WASHINGTON – Today Senator John Kerry (D-Mass.) chaired a hearing before the Committee on Small Business and Entrepreneurship to examine the challenges and solutions for small businesses in the federal contracting arena. The hearing focused on barriers to success for small business, such as a maze of complicated regulations, contract bundling, size standards with loopholes for big businesses, a lack of protections for sub-contractors, and a General Services Administration schedule that’s difficult to navigate.



“The federal contracting deck is pretty heavily stacked against small businesses,” said Kerry. “The Bush Administration keeps telling us they’re making progress, but we’re not seeing the results. And that means small firms are having a more difficult time staying competitive and doing business with the government. We can do better, and today’s hearing is a first step towards developing comprehensive contracting legislation that I will introduce later this year.”
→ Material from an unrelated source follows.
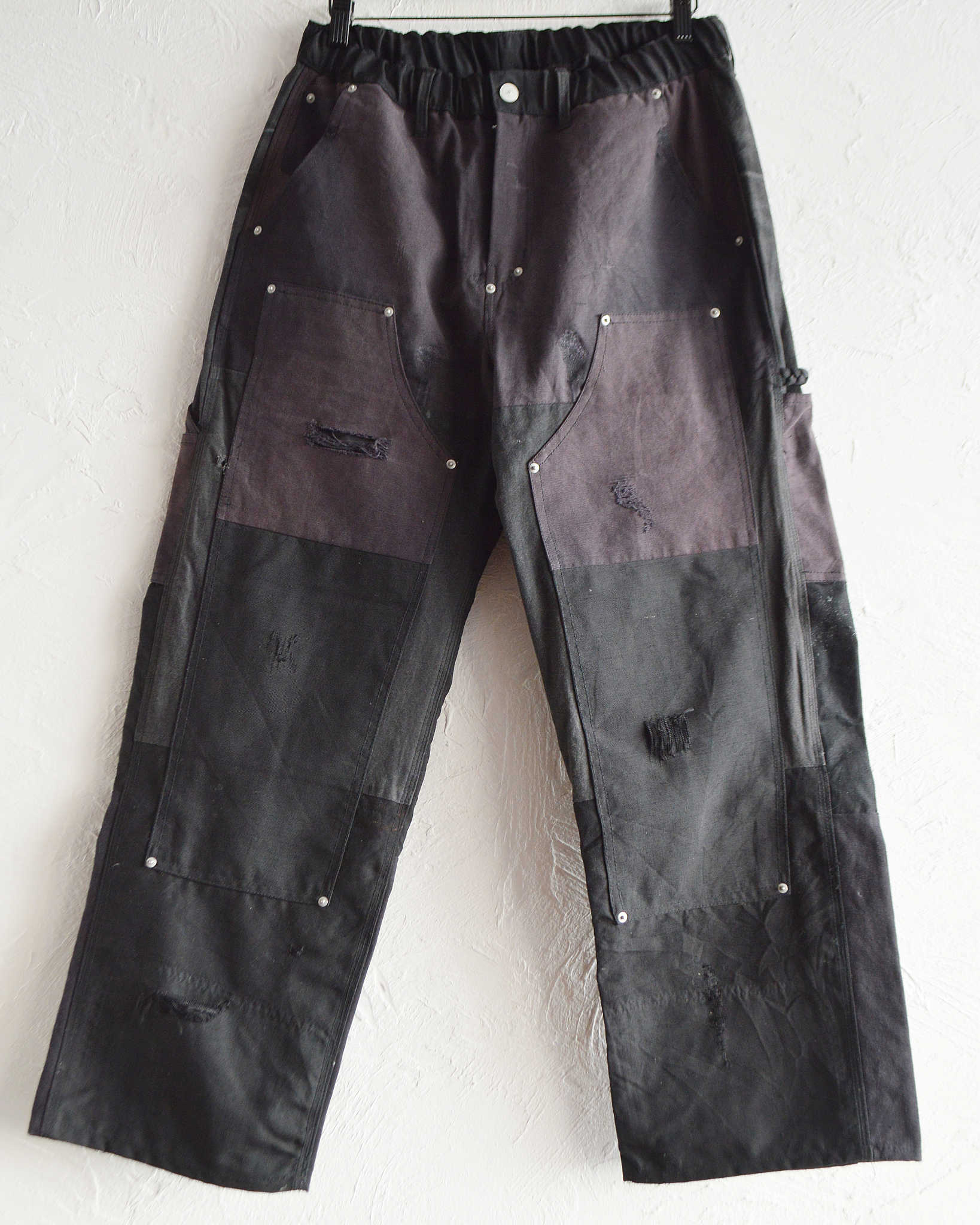 Nasngwam. ナスングワム / DAMAGE DOUBLE KNEE PANTS ダメージダブルニーパンツ Lsize (BLACK ブラック)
According to Eagle Eye Publishers, the federal government spent more than $412 billion in contracts last year. Yet only about 20 percent went to small businesses, falling short of the federally mandated 23 percent. That means that more than $12 billion dollars didn’t go to small businesses that should have.



Kerry pressed the Bush Administration to implement the Women’s Procurement Program which became law in 2000 and to make a real effort to contract with service disabled veterans, noting the Committee’s January 2007 hearing on veterans entrepreneurship issues “lit a fire” within the Department of Defense to do more. Kerry also questioned why the Small Business Administration only requested nine Procurement Center Representatives (PCRs) this year to oversee more than $400 billion in federal contracts while he and Ranking Member Olympia Snowe (R-Maine) have pushed for 100 additional PCRs. Currently there are only about 40 full-time PCRs.